Para la década de 1950, se convirtió en un término político común en Washington. Los presidentes lo invocaban para contrastar el «Occidente piadoso» con el «Oriente impío». Los teólogos ya advertían entonces que difuminaba ambas religiones, convirtiéndolas en una especie de pudín patriótico. Pero los políticos lo adoraban porque convertía la religión en una herramienta de reclutamiento. Se podía movilizar a los votantes, santificar el capitalismo y bautizar la Guerra Fría, todo en una sola frase.
Tras el 11-S , el término tuvo un segundo renacimiento. Se utilizó para enmarcar una nueva cruzada: «Occidente judeocristiano contra el islam radical». El guion apenas cambió. Seguíamos siendo los justos, los demás seguían siendo bárbaros. Y tras el 7 de octubre, ha vuelto, esta vez vinculando la virtud occidental con la política y la propaganda israelíes.

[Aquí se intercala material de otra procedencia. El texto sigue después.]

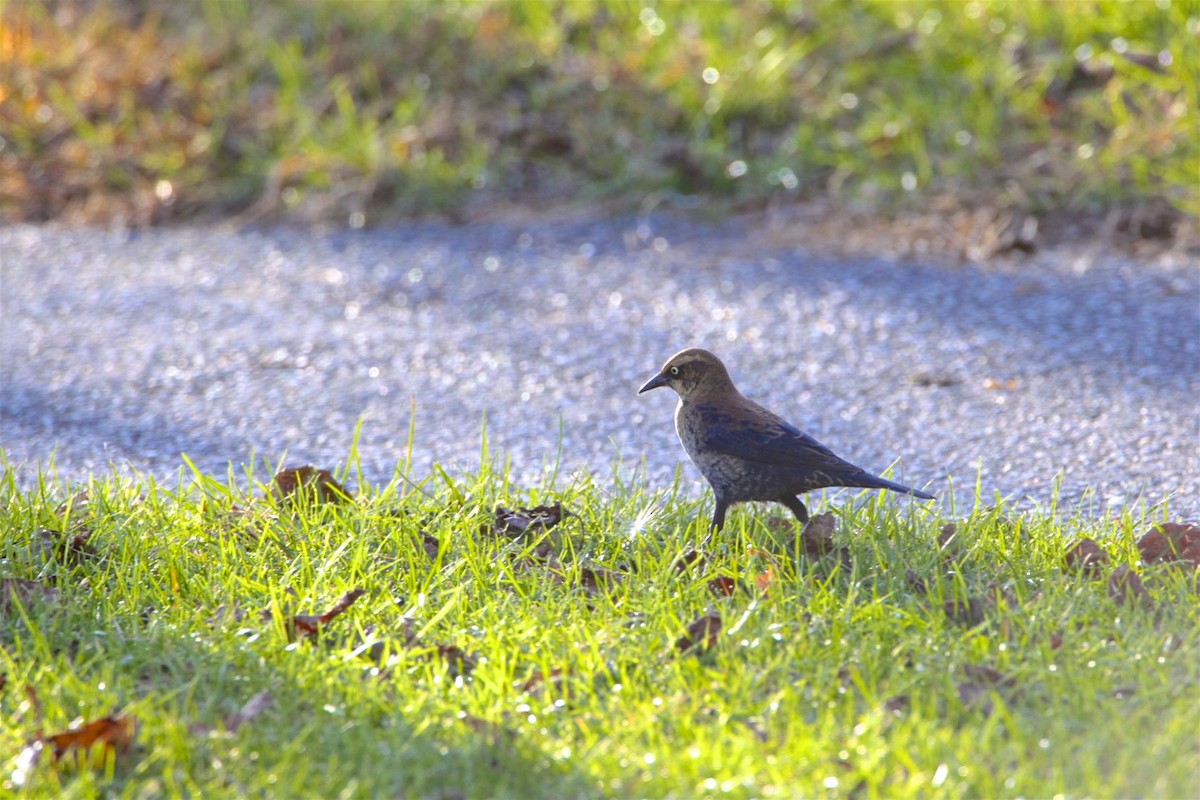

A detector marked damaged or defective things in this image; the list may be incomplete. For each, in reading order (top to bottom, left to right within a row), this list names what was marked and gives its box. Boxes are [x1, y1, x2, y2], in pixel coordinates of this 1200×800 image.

rusty blackbird [643, 347, 931, 532]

Mientras escribo esto, la maquinaria de influencia de Israel ha encontrado un nuevo campo de misión : la iglesia estadounidense. Con millones invertidos en empresas de relaciones públicas y en la difusión de la fe, Tel Aviv ahora geolocaliza los teléfonos de los fieles, organiza sermones y organiza viajes «10/7» para santificar las políticas estatales. Se corteja a los pastores, se condiciona a las congregaciones y Cristo es reemplazado discretamente por una campaña. No es evangelización, sino ingeniería. Cuando la fe se convierte en una franquicia y la adoración en un plan de marketing, la línea entre la devoción y el engaño comienza a difuminarse. Por eso, incluso momentos de aparente paz pueden parecer precarios. Sé que el presidente Trump merece crédito por traer una breve calma a Oriente Medio. Pocos otros podrían haberlo hecho. Pero confiar en que Hamás honrará la paz es como confiar en un pirómano con una vela. Y confiar en que Israel se modere cuando el poder está en juego no es una apuesta más segura.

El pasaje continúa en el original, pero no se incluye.